Lady Eleanor Butler was the daughter of a wealthy landowner, educated in a French convent, and lived at Kilkenny Castle in Ireland. Sarah Ponsonby was less fortunate, having been orphaned as a young child and left without an inheritance. The two women first met in Kilkenny when Sarah was only 13 and Eleanor was 29 but, despite their age difference, they developed a close friendship which led to their decision to elope to England and spend their lives together. Ten years later, after one failed attempt to escape from Ireland, they arrived in Wales to search for a home that would afford them the seclusion they desired.

In the summer of 1780 they rented a little cottage called Pen-y-Maes, and remained there for the next 50 years. Affectionately known as 'the ladies of Llangollen', the two women received a great deal of attention throughout their lives, and entertained many influential visitors, all carefully recorded in their diaries. One very famous and frequent visitor was the Duke of Wellington, and the ladies carved their initials and the year 1814 in the wooden fireplace mantle in his memory.
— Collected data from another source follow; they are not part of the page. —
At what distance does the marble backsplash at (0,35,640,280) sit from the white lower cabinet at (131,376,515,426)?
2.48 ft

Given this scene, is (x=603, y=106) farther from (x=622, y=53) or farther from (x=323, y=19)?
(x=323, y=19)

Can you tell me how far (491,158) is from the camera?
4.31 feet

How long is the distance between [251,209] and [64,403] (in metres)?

As avid readers, their guests also included several notable names from the literary world including William Wordsworth, Sir Walter Scott and Richard Sheridan.
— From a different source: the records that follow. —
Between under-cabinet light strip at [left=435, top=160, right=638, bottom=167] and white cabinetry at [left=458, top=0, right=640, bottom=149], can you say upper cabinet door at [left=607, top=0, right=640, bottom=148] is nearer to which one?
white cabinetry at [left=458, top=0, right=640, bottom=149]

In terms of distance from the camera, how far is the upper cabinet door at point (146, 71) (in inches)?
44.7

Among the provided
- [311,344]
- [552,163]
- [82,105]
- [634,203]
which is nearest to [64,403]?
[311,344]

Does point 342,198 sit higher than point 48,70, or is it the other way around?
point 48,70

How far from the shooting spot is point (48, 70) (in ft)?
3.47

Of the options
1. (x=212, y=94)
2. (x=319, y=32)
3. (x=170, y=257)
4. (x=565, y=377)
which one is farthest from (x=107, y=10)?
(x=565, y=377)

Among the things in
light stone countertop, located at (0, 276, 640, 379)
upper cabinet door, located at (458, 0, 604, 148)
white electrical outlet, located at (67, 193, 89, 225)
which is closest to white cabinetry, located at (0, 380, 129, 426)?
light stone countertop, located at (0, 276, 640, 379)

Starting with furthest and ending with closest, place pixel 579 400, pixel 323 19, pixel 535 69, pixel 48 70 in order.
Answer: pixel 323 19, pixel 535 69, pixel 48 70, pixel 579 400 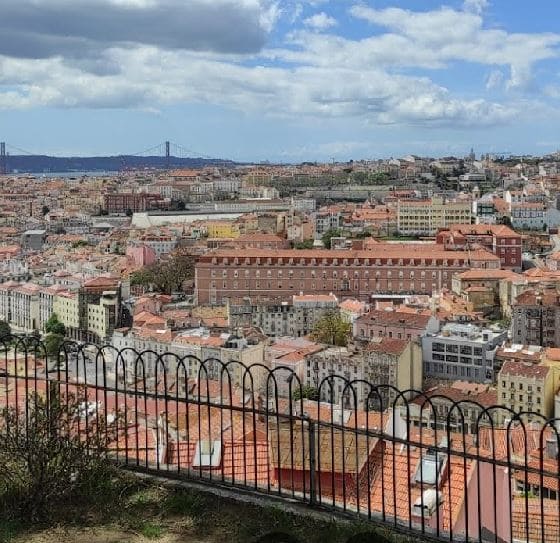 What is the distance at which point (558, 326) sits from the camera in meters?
19.8

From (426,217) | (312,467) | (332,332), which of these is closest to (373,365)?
(332,332)

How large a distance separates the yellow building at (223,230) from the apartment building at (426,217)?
8014mm

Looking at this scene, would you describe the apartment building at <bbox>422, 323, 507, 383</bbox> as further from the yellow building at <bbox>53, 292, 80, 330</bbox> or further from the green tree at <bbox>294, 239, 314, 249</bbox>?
the green tree at <bbox>294, 239, 314, 249</bbox>

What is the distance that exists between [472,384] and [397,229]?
23.7 meters

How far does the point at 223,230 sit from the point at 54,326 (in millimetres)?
17949

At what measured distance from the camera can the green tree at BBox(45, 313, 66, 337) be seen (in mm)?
24989

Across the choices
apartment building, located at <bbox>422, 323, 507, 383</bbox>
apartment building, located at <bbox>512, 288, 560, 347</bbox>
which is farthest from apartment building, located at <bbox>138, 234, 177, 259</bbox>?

Not only did they change the name of the house to Plas Newydd, which simply means 'new hall', but they transformed the building into a fantasy of timber and stained glass, and created some delightful grounds. Much altered by successive owners, Plas Newydd today represents the ladies quite eccentric gothicisation incorporated into an extended and further embellished late 19th century home. With a passion for oak carving, Eleanor and Sarah filled the cottage with all sorts of elaborately worked panels, many of them brought as gifts by visiting friends.

The front porch, supported by two early 17th century bedposts, was particularly special to them and they christened this amazing creation by holding a 'porch-warming' party for a selective group of friends. Although the house contents were sold after the deaths of the ladies, it is well documented that most of the furniture pieces were also of heavy, dark oak, and this extraordinary amount of woodwork in the confined areas of the cottage must have created an overwhelming gloominess. The Local Authority are endeavouring to trace some of the original items to reinstate them alongside the diaries, letters, newspaper articles and personal possessions of the two ladies, which are currently on display.

Revered by the local community, written about in the gossip columns of newspapers, and immortalised by poets of the day, the ladies of Llangollen dressed in their strange masculine clothes hold a romantic fascination that appears not to have lessened with time.